Пушкинская Речь Ф.М. Достоевского начиналась с обещанного Победоносцеву ответа западникам. Им, вероятно, принадлежало намерение "умалить значение Пушкина как выразителя русской народности, отрицая самую народность". Хотя имя Тургенева произнесено не было, оно должно было подразумеваться, ибо аналогичный упрек был публично брошен Тургеневу со страниц "Дневника писателя" за 1867, 1876 и 1877 годы. В 1867 году, например, автору "Дыма" были приписаны мысли его персонажа С.И. Потугина, якобы посетившего Всемирную Лондонскую выставку, на которой в свое время был и Достоевский.
"Посетил я нынешней весной Хрустальный дворец возле Лондона... рассказывает С.И. Потугин Литвинову, - Ну-с, расхаживал я, расхаживал мимо всех этих машин и орудий и статуй великих людей; и подумал я в те поры: если бы такой вышел приказ, что вместе с исчезновением какого-либо народа с лица земли немедленно должно было бы исчезнуть из Хрустального дворца все то, что тот народ выдумал, - наша матушка, Русь православная, провалиться бы могла в тартарары, и ни одного гвоздика, ни одной булавочки не потревожила бы родная: все бы преспокойно осталось на своем месте, потому что даже самовар, и лапти, и дуга, и кнут - эти наши знаменитые продукты - не нами выдуманы" (36).

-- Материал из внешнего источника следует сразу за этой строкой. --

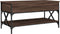 vidaXL - Salontafel - 100x50x50 - cm - bewerkt - hout - en - metaal - bruineikenkleur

Конечно, повод для идентификации И.С. Тургенева с "нигилизмом" мог дать Достоевскому и сам И.С. Тургенев, признавшийся в личных симпатиях к нигилисту Базарову в статье "По поводу вhOОтцов и детей'" (1869 г.). К теме этой мы вернемся в главе 5. Как бы то ни было, но вскоре после признания Тургенева, в черновиках к "Бесам" (1870 г.) появилась авторская запись о том, что "Грановскому" (прототипу С.Т. Верховенского) надлежит провозгласить себя "нигилистом" и что надо бы, чтобы распространились слухи о "нигилизме" Тургенева (37). Но мог ли сам автор "Дыма" пробудить у Достоевского столь воинствующее желание расправиться с нигилистами и западниками "с плетью в руке", как он признавался Страхову в ходе работы над "Бесами" (38)? При всем неприятии Тургенева Достоевский вряд ли мог найти в его деятельности повод для атаки без разбора средств. Автором, способным спровоцировать реакции такого рода, был скорее М.Е. Салтыков-Щедрин. И хотя ни в тексте "Бесов", ни даже в черновиках к роману имя Щедрина не упоминается, исключая разве что ссылку Липутина на "господ ташкентцев" (39), тайное присутствие Щедрина в "Бесах" уже было отмечено З.С. Борщевским, усмотревшим в форме "памфлетических замыслов" ("истории одного города") "Историю города Глупова" (40). И если учесть, что в "Братьях Карамазовых", последнем романе Достоевского, Щедрин присутствует как тайно, так и явно, о чем еще пойдет речь в контексте "Бесов", надо думать, без Щедрина не обошлось и в пушкинской Речи.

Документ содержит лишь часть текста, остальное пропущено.